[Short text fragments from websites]

··········

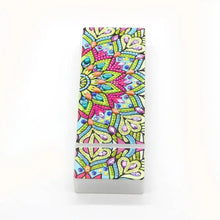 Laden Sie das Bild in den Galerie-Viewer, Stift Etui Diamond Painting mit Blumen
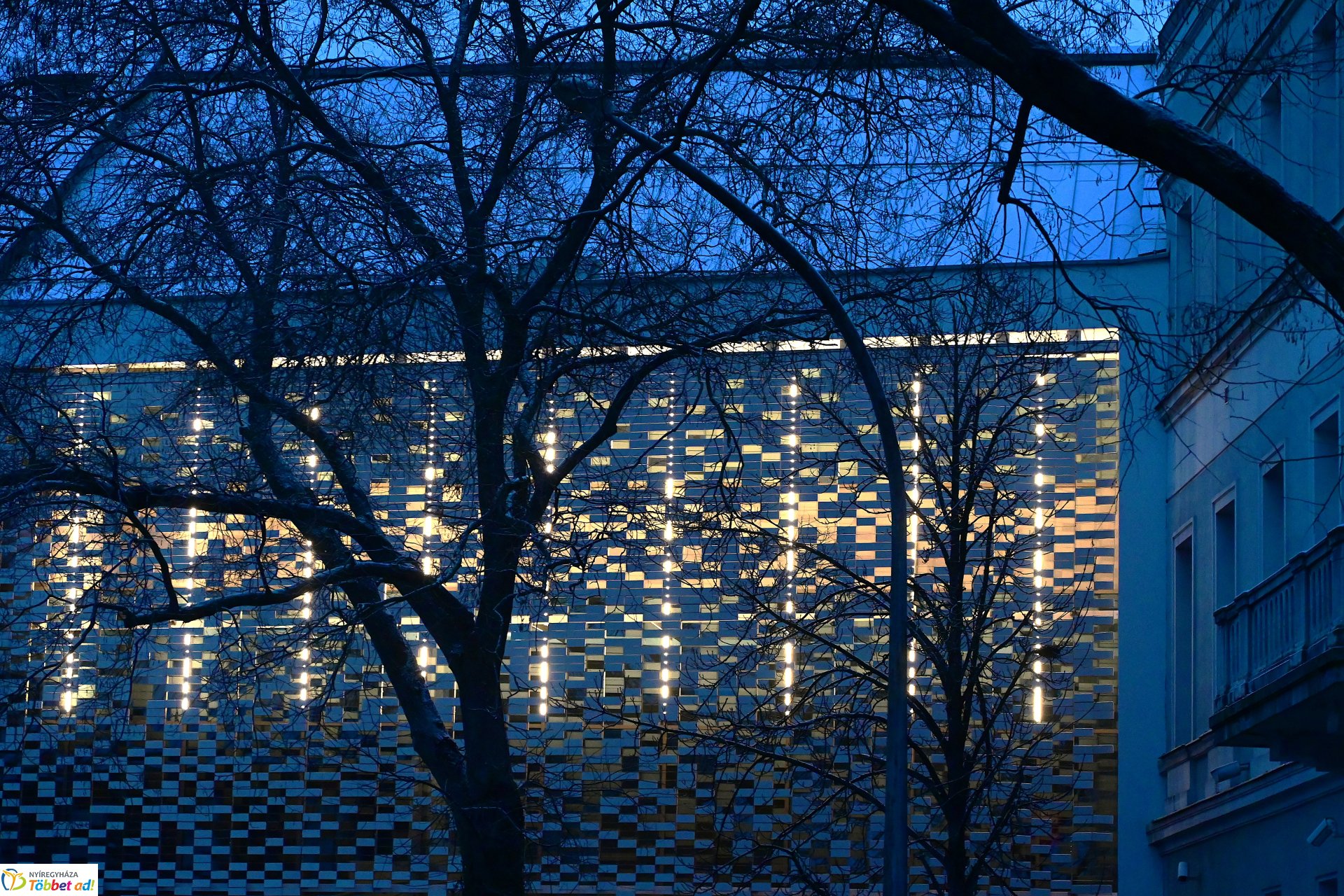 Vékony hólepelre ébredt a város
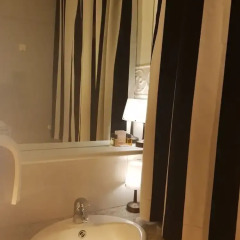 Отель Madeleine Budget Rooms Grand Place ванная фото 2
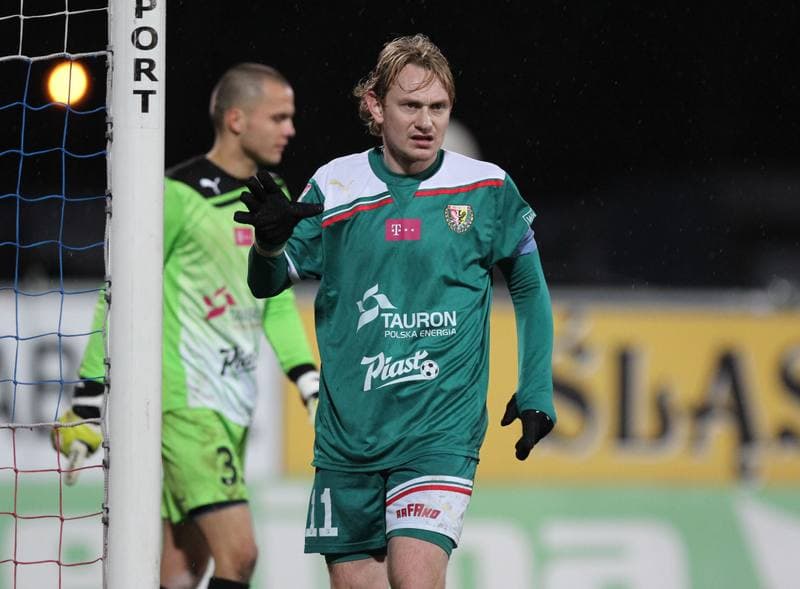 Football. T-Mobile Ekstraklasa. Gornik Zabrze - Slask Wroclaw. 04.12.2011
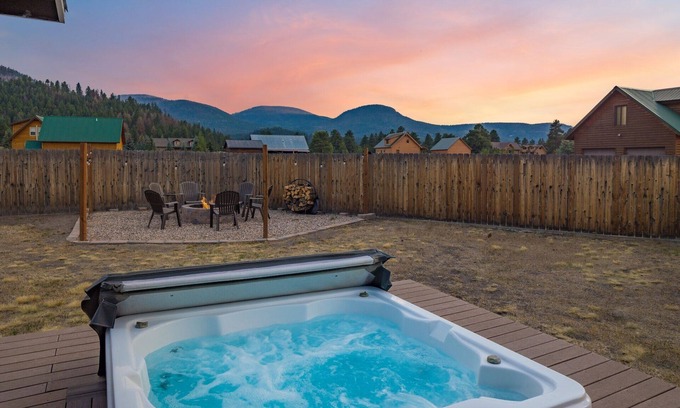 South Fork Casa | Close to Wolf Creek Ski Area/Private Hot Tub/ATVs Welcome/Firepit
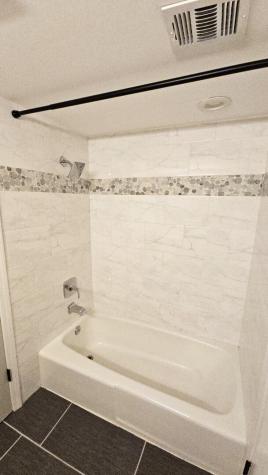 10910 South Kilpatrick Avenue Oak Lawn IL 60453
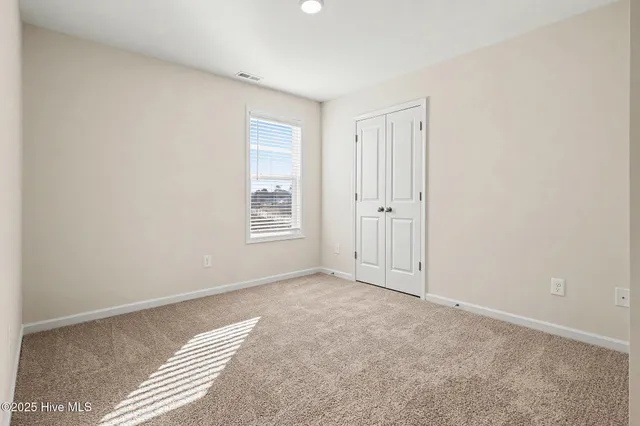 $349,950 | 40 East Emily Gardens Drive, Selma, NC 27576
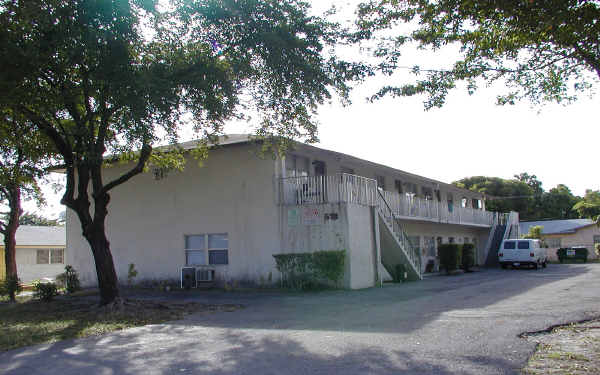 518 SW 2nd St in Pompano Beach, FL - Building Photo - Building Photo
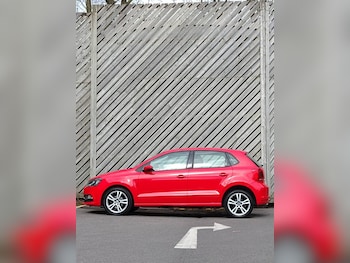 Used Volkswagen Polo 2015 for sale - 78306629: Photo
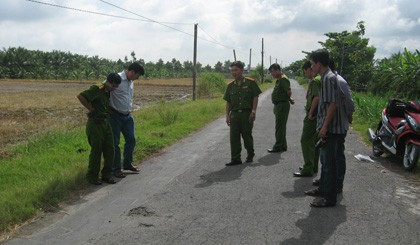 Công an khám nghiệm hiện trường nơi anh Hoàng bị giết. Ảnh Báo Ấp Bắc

··········

WHAT TO PRODUCE.
All lines from the one containing "Vékony hólepelre ébredt a város" to the last line of the data above, both included, should be printed exactly, and the pictures should not appear.

SOLVED PROBLEM.
 Vékony hólepelre ébredt a város
 Отель Madeleine Budget Rooms Grand Place ванная фото 2
 Football. T-Mobile Ekstraklasa. Gornik Zabrze - Slask Wroclaw. 04.12.2011
 South Fork Casa | Close to Wolf Creek Ski Area/Private Hot Tub/ATVs Welcome/Firepit
 10910 South Kilpatrick Avenue Oak Lawn IL 60453
 $349,950 | 40 East Emily Gardens Drive, Selma, NC 27576
 518 SW 2nd St in Pompano Beach, FL - Building Photo - Building Photo
 Used Volkswagen Polo 2015 for sale - 78306629: Photo
 Công an khám nghiệm hiện trường nơi anh Hoàng bị giết. Ảnh Báo Ấp Bắc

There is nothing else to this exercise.